◆ Instructions to follow:
Transcribe the records word for word, leaving nothing out.

★ ★ ★ ★ ★ ★ ★

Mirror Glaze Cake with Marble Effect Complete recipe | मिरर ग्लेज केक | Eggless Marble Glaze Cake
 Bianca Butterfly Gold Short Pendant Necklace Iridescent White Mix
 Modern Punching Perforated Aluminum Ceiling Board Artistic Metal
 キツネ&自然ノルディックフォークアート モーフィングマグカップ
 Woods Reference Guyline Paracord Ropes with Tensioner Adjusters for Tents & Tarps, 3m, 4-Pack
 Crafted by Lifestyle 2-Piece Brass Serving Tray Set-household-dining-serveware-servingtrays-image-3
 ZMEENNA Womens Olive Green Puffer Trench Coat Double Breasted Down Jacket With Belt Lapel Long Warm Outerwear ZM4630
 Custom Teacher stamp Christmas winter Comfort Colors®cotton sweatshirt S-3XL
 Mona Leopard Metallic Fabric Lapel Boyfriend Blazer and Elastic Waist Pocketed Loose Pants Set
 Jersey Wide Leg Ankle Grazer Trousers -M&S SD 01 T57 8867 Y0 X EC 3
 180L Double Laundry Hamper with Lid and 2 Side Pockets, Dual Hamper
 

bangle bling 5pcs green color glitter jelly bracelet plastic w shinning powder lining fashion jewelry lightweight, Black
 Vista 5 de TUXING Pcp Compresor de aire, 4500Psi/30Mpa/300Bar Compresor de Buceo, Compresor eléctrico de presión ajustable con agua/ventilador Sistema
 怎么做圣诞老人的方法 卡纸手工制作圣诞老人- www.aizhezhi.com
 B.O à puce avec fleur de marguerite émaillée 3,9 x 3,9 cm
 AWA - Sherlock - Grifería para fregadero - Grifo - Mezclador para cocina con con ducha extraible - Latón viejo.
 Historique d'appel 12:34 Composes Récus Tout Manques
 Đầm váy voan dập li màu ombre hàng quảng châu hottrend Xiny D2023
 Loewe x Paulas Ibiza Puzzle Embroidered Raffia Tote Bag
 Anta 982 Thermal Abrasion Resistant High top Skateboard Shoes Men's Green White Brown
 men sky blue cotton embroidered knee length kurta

★ ★ ★ ★ ★ ★ ★

◆ Task solution:
Mirror Glaze Cake with Marble Effect Complete recipe | मिरर ग्लेज केक | Eggless Marble Glaze Cake
 Bianca Butterfly Gold Short Pendant Necklace Iridescent White Mix
 Modern Punching Perforated Aluminum Ceiling Board Artistic Metal
 キツネ&自然ノルディックフォークアート モーフィングマグカップ
 Woods Reference Guyline Paracord Ropes with Tensioner Adjusters for Tents & Tarps, 3m, 4-Pack
 Crafted by Lifestyle 2-Piece Brass Serving Tray Set-household-dining-serveware-servingtrays-image-3
 ZMEENNA Womens Olive Green Puffer Trench Coat Double Breasted Down Jacket With Belt Lapel Long Warm Outerwear ZM4630
 Custom Teacher stamp Christmas winter Comfort Colors®cotton sweatshirt S-3XL
 Mona Leopard Metallic Fabric Lapel Boyfriend Blazer and Elastic Waist Pocketed Loose Pants Set
 Jersey Wide Leg Ankle Grazer Trousers -M&S SD 01 T57 8867 Y0 X EC 3
 180L Double Laundry Hamper with Lid and 2 Side Pockets, Dual Hamper
 

bangle bling 5pcs green color glitter jelly bracelet plastic w shinning powder lining fashion jewelry lightweight, Black
 Vista 5 de TUXING Pcp Compresor de aire, 4500Psi/30Mpa/300Bar Compresor de Buceo, Compresor eléctrico de presión ajustable con agua/ventilador Sistema
 怎么做圣诞老人的方法 卡纸手工制作圣诞老人- www.aizhezhi.com
 B.O à puce avec fleur de marguerite émaillée 3,9 x 3,9 cm
 AWA - Sherlock - Grifería para fregadero - Grifo - Mezclador para cocina con con ducha extraible - Latón viejo.
 Historique d'appel 12:34 Composes Récus Tout Manques
 Đầm váy voan dập li màu ombre hàng quảng châu hottrend Xiny D2023
 Loewe x Paulas Ibiza Puzzle Embroidered Raffia Tote Bag
 Anta 982 Thermal Abrasion Resistant High top Skateboard Shoes Men's Green White Brown
 men sky blue cotton embroidered knee length kurta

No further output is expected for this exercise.